| Your task |
When you transcribe the data below, reproduce every line exactly and leave each picture out.

======== Data shown

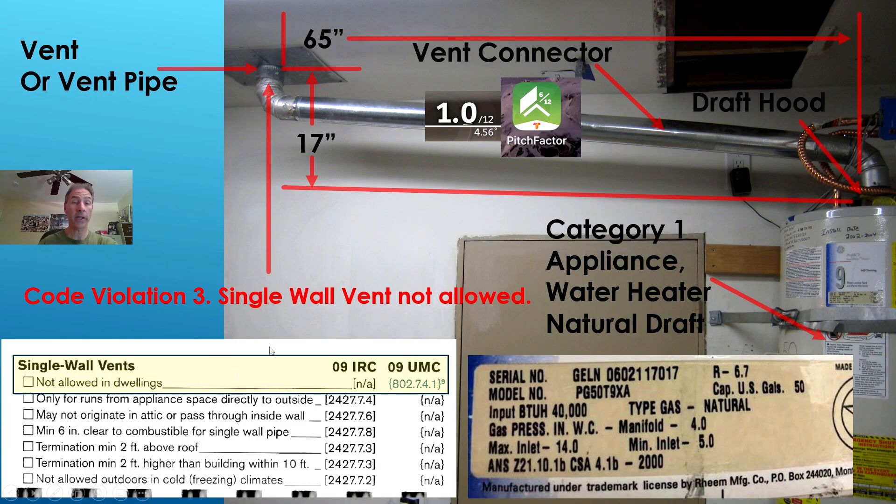We need to know terminology when we communicate. The water heater discharges out to a draft hood at the top. That connects onto a vent connector, which is this pipe here. The vent connector connects onto a vent or vent pipe. Don't call the vent leaving the roof the vent connector, and don't call this pipe over here the vent — it is the vent connector. When the code talks about single wall vent, it means this pipe going through the roof.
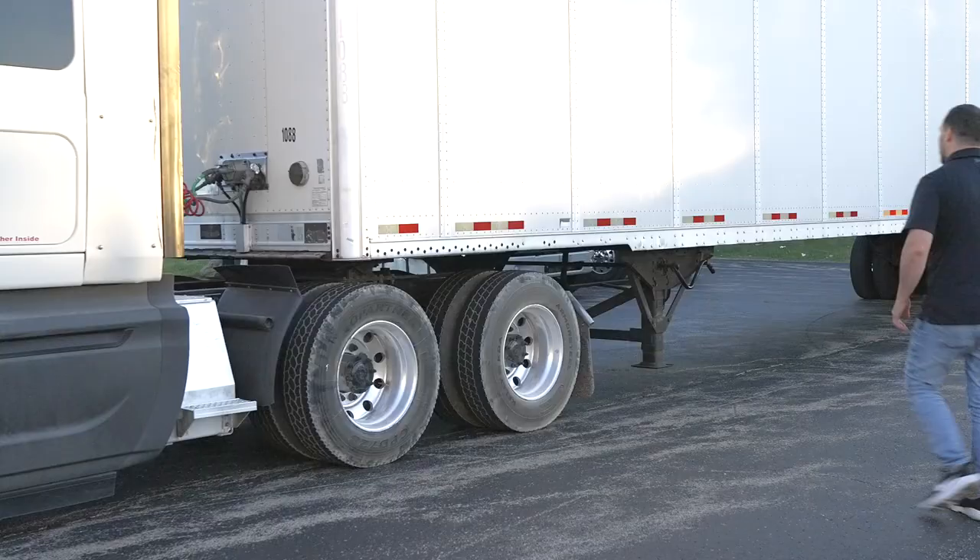You're watching My CDL Buddy and I'm your host. Today I'm going to show you how to uncouple and couple a class A tractor trailer. We're going to start with the uncoupling of the vehicles first. Let's get started.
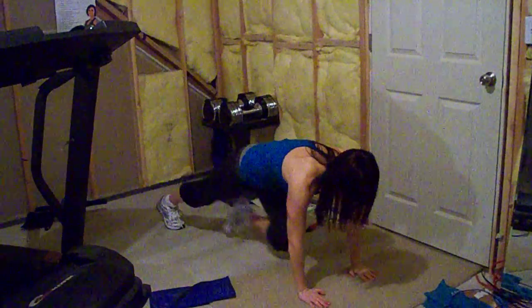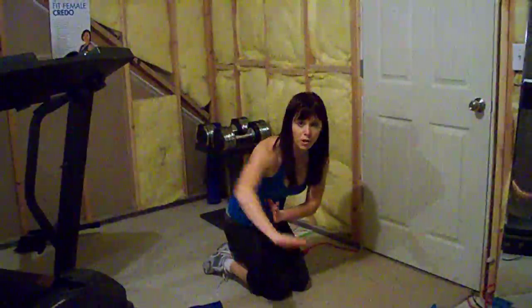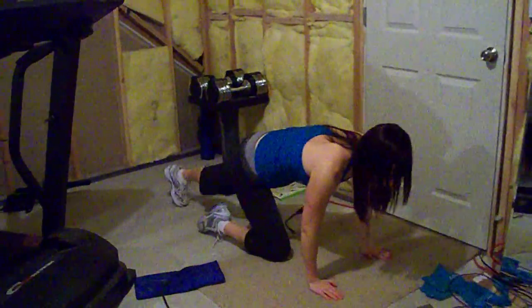Hands straight under your shoulders, and here your elbows are going to come straight back and sit it out like a push-up. So your elbows are going to be straight, come right next to your body. Let me show you.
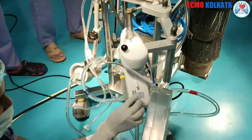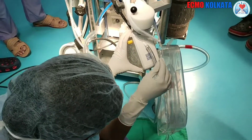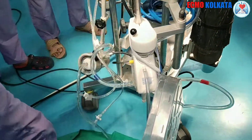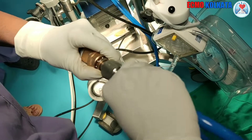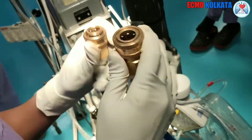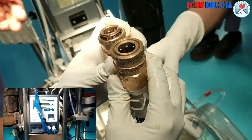Now is the time to connect the gas port with the oxygen tube from the blender. To maintain the blood temperature, the oxygenator is connected with the hemotherm. Connecting the hemotherm is done carefully, and at that time the hemotherm remains off.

================

| Solved exercise |
We need to know terminology when we communicate. The water heater discharges out to a draft hood at the top. That connects onto a vent connector, which is this pipe here. The vent connector connects onto a vent or vent pipe. Don't call the vent leaving the roof the vent connector, and don't call this pipe over here the vent — it is the vent connector. When the code talks about single wall vent, it means this pipe going through the roof.
You're watching My CDL Buddy and I'm your host. Today I'm going to show you how to uncouple and couple a class A tractor trailer. We're going to start with the uncoupling of the vehicles first. Let's get started.
Hands straight under your shoulders, and here your elbows are going to come straight back and sit it out like a push-up. So your elbows are going to be straight, come right next to your body. Let me show you.
Now is the time to connect the gas port with the oxygen tube from the blender. To maintain the blood temperature, the oxygenator is connected with the hemotherm. Connecting the hemotherm is done carefully, and at that time the hemotherm remains off.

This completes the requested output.